Finanziell, indem wir – erstens – einen deutlichen Ausbau des Aufstiegs-BAföG vornehmen, – zweitens – mit einer Palette neuer Initiativen starten, die von einem Bundeswettbewerb zu Innovationsclustern „Berufsbildung“

(Beifall bei der CDU/CSU)

bis hin zu Maßnahmen zur Digitalisierung der Berufsbildung reichen, und – drittens – bewährte Initiativen fortsetzen, die zur Durchlässigkeit beruflicher Bildung in beide Richtungen beitragen, etwa auch Studienabbrecher für die Berufsbildung zu gewinnen.

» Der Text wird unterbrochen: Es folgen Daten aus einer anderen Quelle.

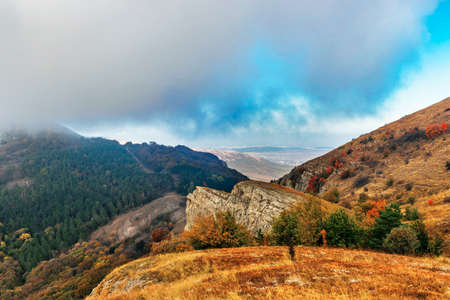 Landscape with mountains and forests of Crimea in an autumn dayの写真素材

Wenn ich von Modernisierung der Ausbildung spreche, so darf ein Kernpunkt nicht fehlen, nämlich die Qualifizierung derjenigen, denen wir unsere Kinder anvertrauen. Wir unterstützen die Länder, ihrer Pflicht zur Lehrerweiterbildung nachkommen zu können. Damit machen wir die angehenden Lehrerinnen und Lehrer digital fit und setzen einen Schwerpunkt bei der Berufsschule.

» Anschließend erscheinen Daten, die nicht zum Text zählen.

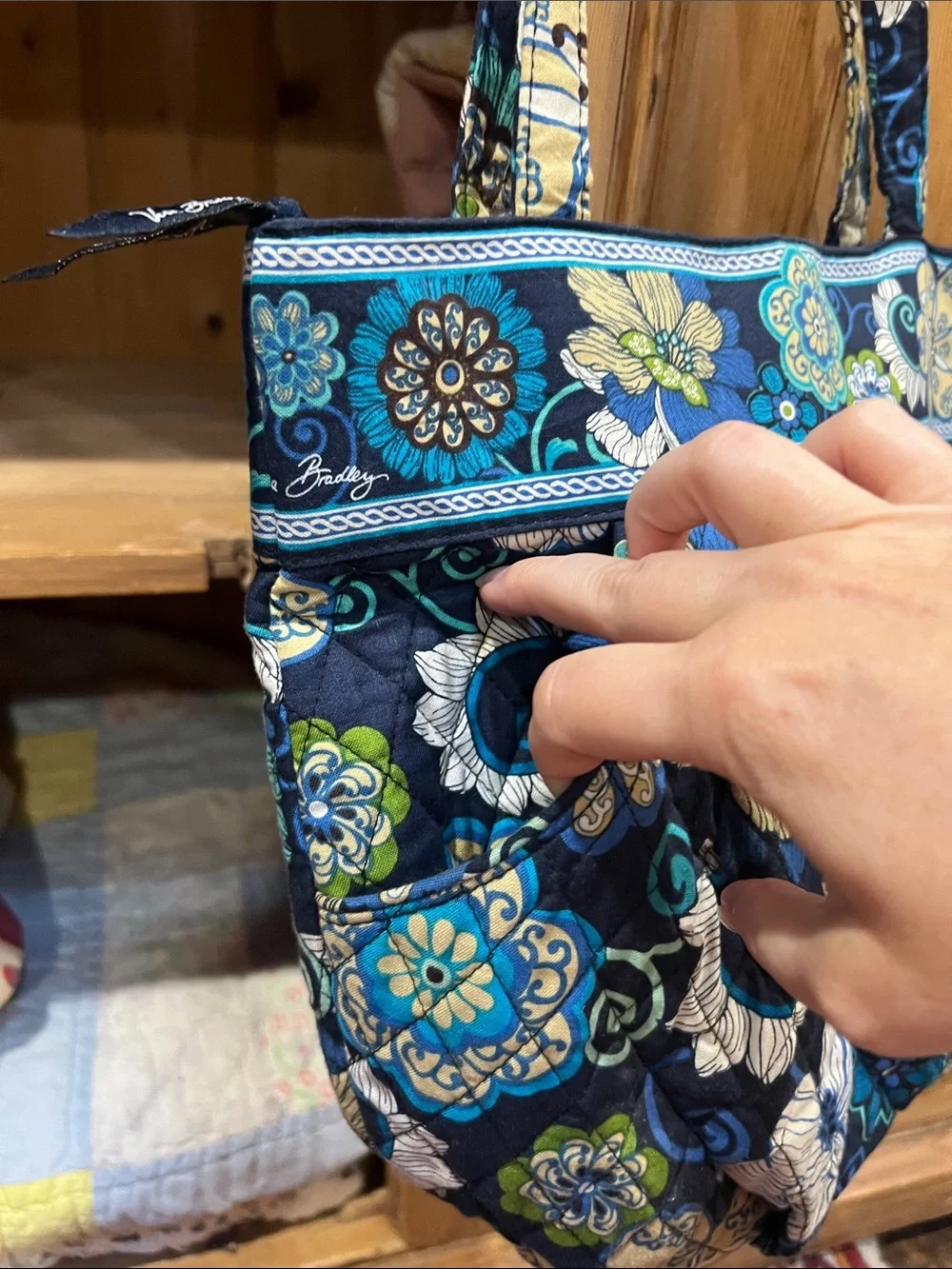 Vera Bradley Bucket Tote in Retired Mod Floral Blue Pattern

Es ist mir ein persönliches Anliegen, dass unsere Lehrerschaft nicht nur gut aus- und weitergebildet wird, sondern dass ihre Arbeit auch den notwendigen Respekt und Rückhalt durch die politisch Verantwortlichen, aber auch durch die ganze Gesellschaft erfährt.

(Beifall bei der CDU/CSU)

Doch auch Forschung und Innovation haben wir natürlich im Blick. Mit Förderprogrammen von der Mikroelektronik über die IT-Sicherheit bis hin zur künstlichen Intelligenz

(Dr. Anna Christmann [BÜNDNIS 90/DIE GRÜNEN]: Dafür ist doch gar kein Geld da!)

sorgen wir dafür, dass hierzulande die Forschung in Schlüsseltechnologien vorangebracht wird. 910 Millionen Euro stecken wir mit diesem Haushalt in neue Technologien. Das ist ein Plus von über 20 Prozent gegenüber 2017.

(Beifall bei der CDU/CSU sowie bei Abgeordneten der SPD)

Nur wer bei diesen Themen die Nase vorn hat, Innovationen entwickelt, Experten ausbildet und – wichtig – Standards setzt, sichert wirtschaftliches Wachstum, Arbeitsplätze und Lebensqualität.

Ein gutes Beispiel ist insbesondere die Forschungsfabrik Mikroelektronik, die die deutsche und europäische Halbleiter- und Elektronikindustrie im globalen Wettbewerb stärkt. Eine enge Zusammenarbeit zwischen Forschung und Wirtschaft schafft Schnelligkeit und Innovationskraft und stärkt damit die Wettbewerbsfähigkeit.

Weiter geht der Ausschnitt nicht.